Intervention de Véronique Cerasoli

Commission spéciale sur la bioéthique — Réunion du 19 décembre 2019 à 10h20
Audition commune d'associations

Véronique Cerasoli, administratrice et porte-parole de l'association SOS homophobie :

Il est donc important de faire évoluer la loi afin que personne ne soit discriminé. Je tiens également à alerter sur la situation des personnes transsexuelles et intersexes dans notre pays.

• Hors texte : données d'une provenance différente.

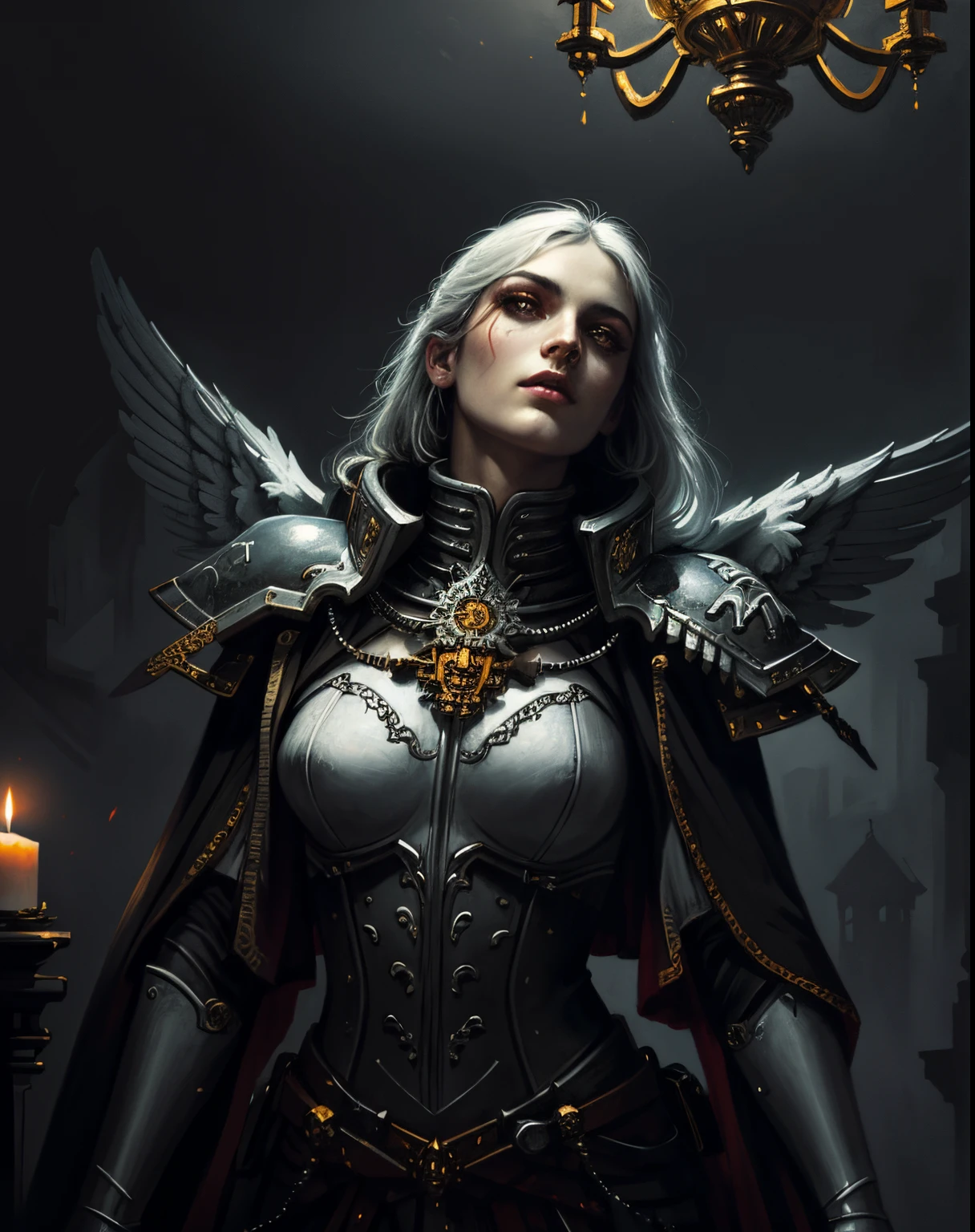 A painting of whsororitas, portait of adepta sororitas, masterpiece, 1 girl moody lighting, (sad), beautiful face, (looking up), looking to the ceiling, detailed eyes, dark iris and pupil, dark eyeliner, eyeshadow, goth makeup, white hair, candlelight, Warhammer 40k, grimdark
in the style of (Beksinski:1.3), Giger, Escher, dry brush, oil on canvas, dark fantasy art, vivid contrasts, vibrant colors, dry brush,
angel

S'agissant de l'article 4 du projet de loi, nous ne nous satisfaisons pas de l'option proposée par le Gouvernement et retenue par les députés qui consiste en l'établissement d'une filiation spécifique pour les couples de femmes, la reconnaissance conjointe anticipée : nous sommes en faveur de l'extension du droit commun.

La loi a pour ambition de mettre fin à une discrimination concernant les femmes lesbiennes, mais, dans le même temps, elle crée une nouvelle discrimination : la loi prend d'une main ce qu'elle donne de l'autre. Cette loi doit assurer la protection de tous les enfants et toutes les familles sans discrimination, sans hiérarchisation, sans création de documents ad hoc pour certains enfants en raison de leur mode de conception ou de l'orientation sexuelle de leurs parents. Ce choix d'une solution dérogatoire est d'autant moins compréhensible que tout existe déjà dans le droit : depuis 1994, il existe un système de filiation pour les couples hétérosexuels qui ont recours à une PMA avec donneur ; la double filiation maternelle existe ; la filiation d'un enfant avec un parent non géniteur existe.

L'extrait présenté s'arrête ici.